Ziele und Aufgaben der Flüchtlingssozialarbeit während der vorläufigen Unterbringung
(1) Eine qualifizierte Flüchtlingssozialarbeit in den Einrichtungen der vorläufigen Unterbringung soll es den untergebrachten Personen ermöglichen, ein menschenwürdiges, selbstverantwortliches Leben in Deutschland zu führen und ihre Integrationsfähigkeit zu erhalten.

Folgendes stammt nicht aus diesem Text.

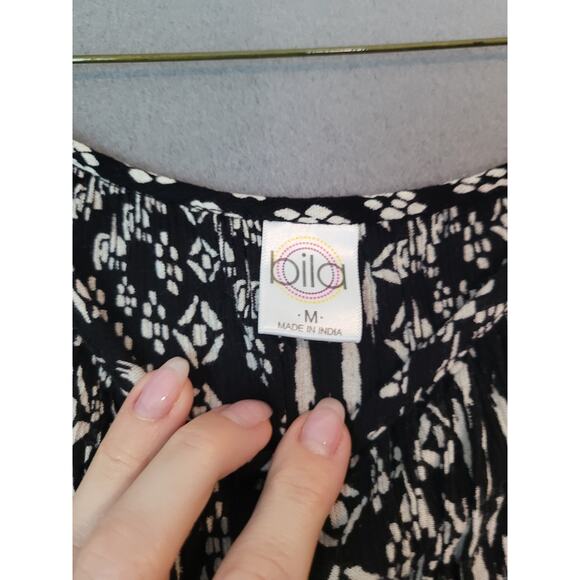 Bila Boho Cold Shoulder Blouse – Size M – Flowy Flared Sleeves – Festival Top - Picture 4 of 9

(2) Umfasst sind folgende Ziele und Aufgaben:
1.
Sozialarbeiterische Hilfestellungen, Beratung und Vermittlung von Informationen, die das Asylverfahren und den damit verbundenen Aufenthalt in Deutschland betreffen,
2.
Mitwirkung bei der Identifizierung und Betreuung schutzbedürftiger Personen sowie Angebote für diese Personengruppe,
3.
Mitwirken an der Erarbeitung einer Lebensperspektive des Flüchtlings für die Zeit des Aufenthaltes im Inland,
4.
Durchführung von pädagogischen und sozialen Aktivitäten mit Flüchtlingen und Bürgern aus dem Umfeld der Einrichtung,
5.
Förderung des gegenseitigen Verständnisses und Hinwirken auf ein friedvolles Miteinander zwischen Flüchtlingen und Aufnahmegesellschaft,
6.
Gewinnung, Begleitung und Schulung ehrenamtlicher Mitarbeiterinnen und Mitarbeiter.

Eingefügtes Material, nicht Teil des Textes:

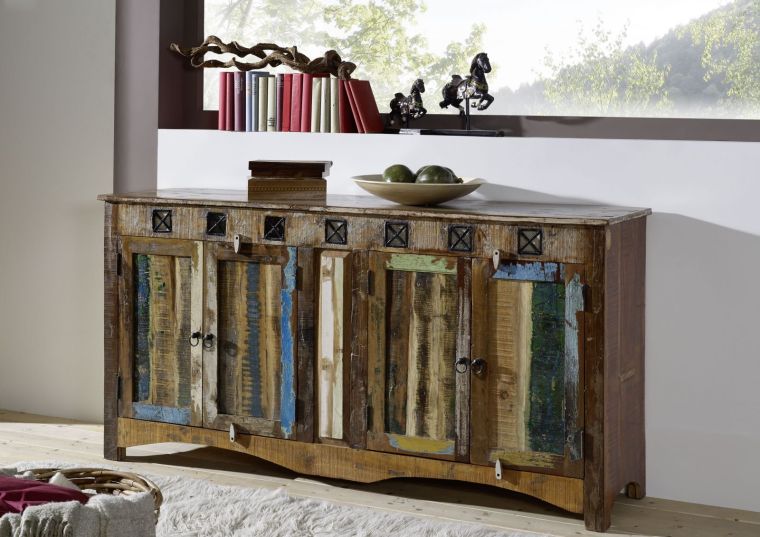 Sideboard Altholz 178x42x88 mehrfarbig lackiert NATURE OF SPIRIT #40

(3) Die Bestimmungen des Rechtsdienstleistungsgesetzes bleiben unberührt.
II.
Personal
Für die Flüchtlingssozialarbeit in den Einrichtungen der vorläufigen Unterbringung werden Sozialarbeiterinnen und Sozialarbeiter beziehungsweise Sozialpädagoginnen und Sozialpädagogen oder Mitarbeiterinnen und Mitarbeiter mit mindestens vergleichbarer Qualifikation eingesetzt. Für Personal, das zum Zeitpunkt des Inkrafttretens dieser Verordnung bereits beschäftigt wird, kann davon im Ausnahmefall abgewichen werden. Im Übrigen sollen die Mitarbeiterinnen und Mitarbeiter regelmäßig an geeigneten Fort- und Weiterbildungsmaßnahmen teilnehmen können.
III.
Datenschutz
Die im Rahmen der Flüchtlingssozialarbeit bekannt gewordenen personenbezogenen Daten sind nach Maßgabe der datenschutzrechtlichen Bestimmungen vertraulich zu behandeln.